Нэнси Гриффинпела «Печаль одинокой звезды». Напевая, в комнату вошла моя мать с подносом, на котором были расставлены чашки, чайник и тарелка с печеньем.
— Я вижу, ты уже познакомился с Грэмом, дорогой, — сказала она.
— Грэм? Я думал…
— Текс — это мое сценическое имя, — сказал он, не моргнув глазом. — Грэм… Не знаю, но как-то не звучит, когда выделываешь все эти кренделя, верно ведь?
— О-о, ты бы видел, как Грэм, я хотела сказать Текс, танцует, — хихикнула моя мать, передавая по кругу имбирное печенье. — Иногда начинает казаться, что еще немного — и он просто взлетит в воздух на своих старых ходулях.
Ну, теперь все встало на свои места. Дружок по танцам. Вот оно как. Совершенно безобидное дело. Ничего предосудительного. Два пенсионера-бодрячка иногда развлекаются танцами на закате своих дней. Очень даже естественно. Но мне трудно было это воспринять. Я все еще не мог оправиться от присутствия Текса.
Моя мать, у которой имелось шестеро братьев и не было ни сестер, ни дочерей, которая провела всю свою жизнь в окружении мужчин, всегда была очень избирательна в выборе знакомых и дружила исключительно с женщинами. Если не считать, конечно, моего отца: он всегда был самым лучшим ее другом.

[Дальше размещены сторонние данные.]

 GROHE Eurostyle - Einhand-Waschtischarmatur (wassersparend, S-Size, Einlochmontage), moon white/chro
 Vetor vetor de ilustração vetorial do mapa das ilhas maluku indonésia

— Познакомились мы с твоей матерью, когда танцевали «Четырехзвездный буги». — Он будто прочитал мои мысли. — Подсказал ей кое-что. Ей и… Элси?
— Этель, — поправила его моя мама. — «Четырехзвездный буги», — напела она себе под нос. — Такой трудный танец. Все эти повороты.
— Вращения, — мягко поправил ее Текс. — «Четырехзвездный буги» — это танец в четыре ряда, — сообщил он, как будто я собирался проявить интерес к такого рода подробностям. — В отличие от «Дикого-дикого Запада» — танца, который, как вам, наверное, хорошо известно, исполняется в два ряда.
— Вы живете где-то поблизости, Текс?
— В Саут-Энде. Прямо по шоссе А127, потом направо у старого паба «Рок войны».
— Грэм работал страховым агентом, — подсказала мама. — Конечно, сейчас он на пенсии.
Текс налил всем чаю:
— Один кусок сахара или два? Я-то и без того сладкий.
Моя мама буквально покатилась со смеху, как будто услышала что-то очень остроумное.
Она отправилась на кухню за очередной порцией печенья, а я извинился перед Тексом и вышел вслед за ней.
— Я думал, что ты ходишь на танцы с тетушкой Этель, — начал я.
— Этель бросила танцы. Из-за своего артрита, Гарри. Все эти притопы вызвали у нее обострение. Бедняжка.
— Что этот Джон Уэйн делает в нашей гостиной, сидя в кресле отца?
— Старина Грэм. С ним все в порядке. Не волнуйся, он безобиден. Просто отвозит меня до дома на своей машине. Поверь мне, он слишком высокого о себе мнения. Очаровал всех наших старушек.
— А тебя?
— Меня? — Мама искренне рассмеялась. — Не беспокойся, Гарри. Для меня это прошедший этап. Если я приглашаю мужчину домой на чашку чая с печеньем, то можешь быть уверен, что он получит именно чай, ну, может быть, к печенью я еще добавлю заварной крем.